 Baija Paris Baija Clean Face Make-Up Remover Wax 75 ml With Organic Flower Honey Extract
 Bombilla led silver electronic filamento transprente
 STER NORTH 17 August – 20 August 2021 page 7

□ □ □ □ □

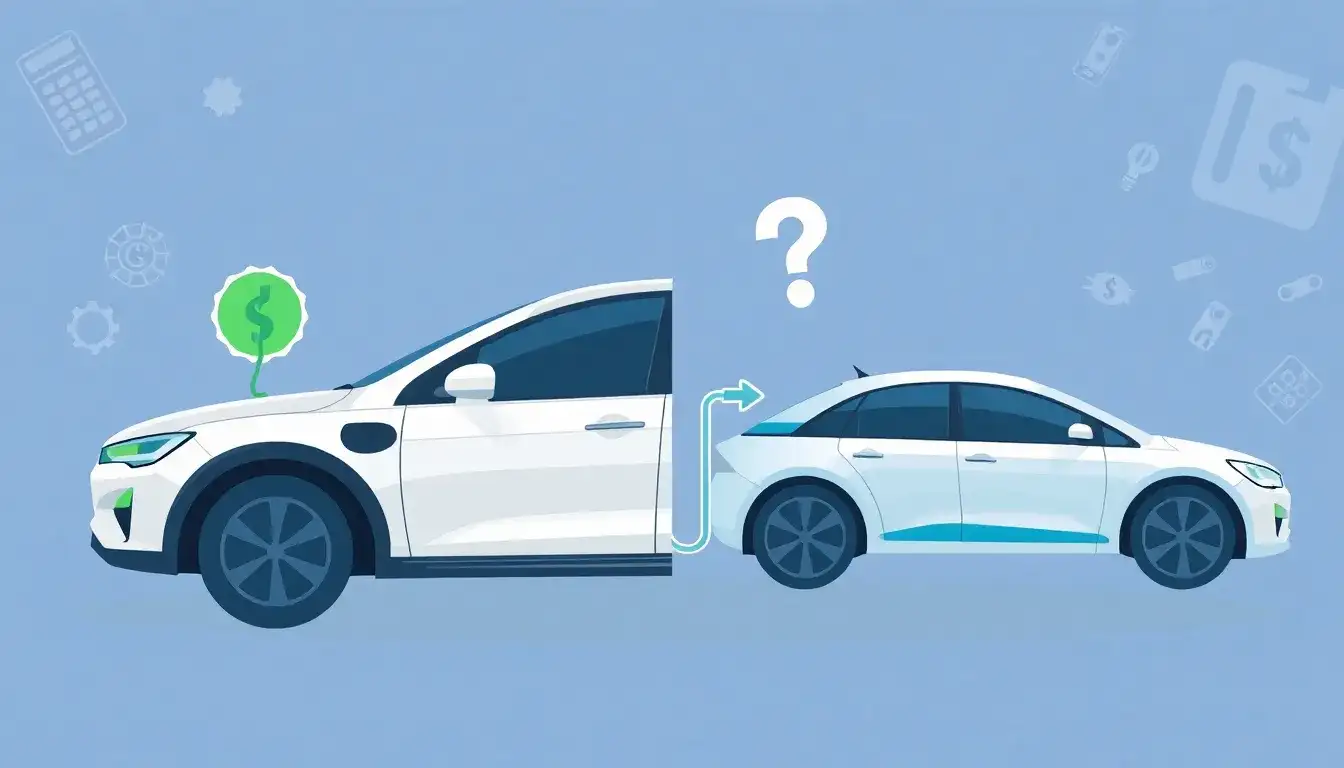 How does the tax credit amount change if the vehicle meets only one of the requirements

□ □ □ □ □

--- INSTRUCTIONS FOR THE TASK ---
Restate word for word the lines of the data above, starting at the line containing "Bombilla led silver" and ending at the line containing "STER NORTH 17 August – 20 August 2021 page 7", both included, and nothing more.

--- TASK ANSWER ---
 Bombilla led silver electronic filamento transprente
 STER NORTH 17 August – 20 August 2021 page 7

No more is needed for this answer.